By default, any user with model/admin, will have access to all generated actions, and model/read, will only be able to read. But if you want to tweak permissions, you will have to overload some methods in the model.

Note: even if thoses methods are in the model, this permission system only apply to generated actions in the controller. Other methods can still read or modify model item even if user doen't have the permission to do it.

The idea behind this permission system, is that for each action type (read, created, update, delete), user is associated to groups, and each item is also associated with group. If one of thoses groups match, then the user can do the action on this item.

Permissions example

We will take for exemple the UserController configuration for read. We want

  • user/admin and user/read can read everything
  • user/team can read only member from his team
  • Other users can only read their own user entry
// For each item, we define groups that can read it
Model.prototype.getReadGroups = function() {
    // Every user which is in one of thoses groups will be able to read it
    return [
        'all',                 # Used for user that can read everything
        'id:' + this.id,       # Used for user that can only read one entry
        'team:' + this.teamId, # Used for user that can only read entry from one team
    ];
};

// Then we define groups for the given user
Model.getUserReadGroups = (team, user) => {
    let groups = [];

    // Admin can read eveything so we put them in the `all` group
    if(team.can(Model.name + '/read') || team.can(Model.name + '/admin')) {
        groups.push('all');
    }

    // user can always read his own user entry, so we let him read only its own id
    groups.push('id:' + user.id);

    // If you can only see member of your team
    if(team.can(Model.name + '/team')) {
        groups.push('team:' + team.id);
    }

    return groups;
};

We known that it's not the easyest system to understand, but it's extremly powerfull because it work for simple CRUD, but it also work for socket publish/subscribe system that will publish item only to allowed users.
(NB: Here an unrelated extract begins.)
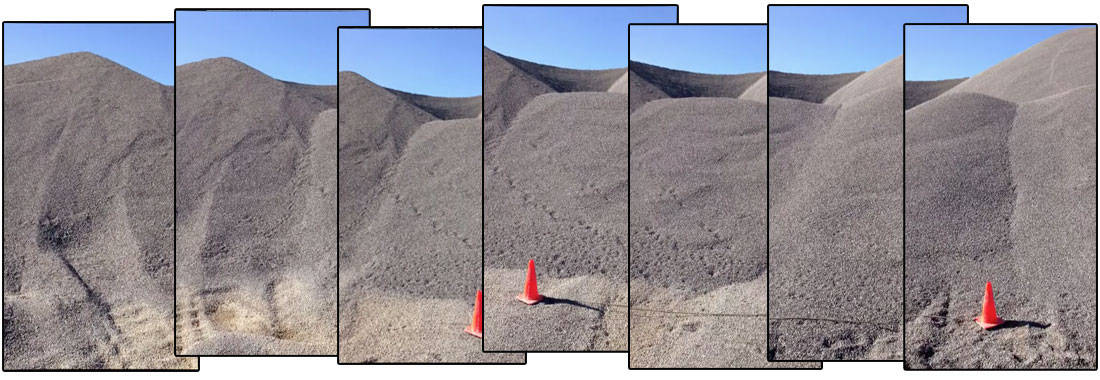 Here are some of the stockpile images captured via video during the iphone measurement, which were then combined using our patent-pending software algorithms for the volume results.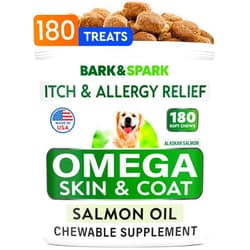 BARK&SPARK Omega 3 for Dogs - 180 Fish Oil Treats for Dog Shedding, Skin Allergy, Itch Relief, Hot Spots Treatment - Joint Health - Skin and Coat Supplement - EPA & DHA Fatty Acids - Alaskan Salmon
This exemple is for read action, but you can do the same for other actions:

Model.prototype.getReadGroups
Model.prototype.getUpdateGroups
Model.prototype.getCreateGroups
Model.prototype.getDestroyGroups

Model.getUserReadGroups
Model.getUserUpdateGroups
Model.getUserCreateGroups
Model.getUserDestroyGroups

For optimisation reason, there is a another overloadable Model method. This method create Sequelize filters that will be happend to requested filter for find() request. This method exist only for the read action.

Model.getReadFilters = function(team, user) {
    let filters = [];

    // Get groups associated with the user
    let groups = this.getUserReadGroups(team, user);

    // And generate sequelize filters from thoses groups
    for (let group of groups) {
        let split = group.split(':');
        // Can read all
        if(group == 'all') {
            return [{true: true}];
        }
        // Can read only one id
        else if(split.length == 2 && split[0] == 'id') {
            filters.push({'id': split[1]});
        }
        // Can read only one team
        else if(split.length == 2 && split[0] == 'team') {
            filters.push({'teamId': split[1]});
        }
    }
    return filters;
};

If you don't understand something, just try to look at others controllers and models, you should be able to find any use case you want.

Websocket request server implementation

To execute websocket request exactly like HTTP requests, we have to simulate an HTTP request. Their is two options to do that:

  • Forge response and request object and inject them into Express server
  • Create a new request and send it to localhost so Express take it as a legit request.

We choosed to use the first solution because it should be faster. However, it's possible that this code break in the future because we play with not fully docummented code, nearly internal code. Either express or nodejs could change a bit the API and break our code.

We choosed to keep this solution because the risky code is small and not so hard to understand. So if for future upgrades, websocket requests are not executed anymore, you can take a look at lib/FluxWebSocket:injectHttpRequest().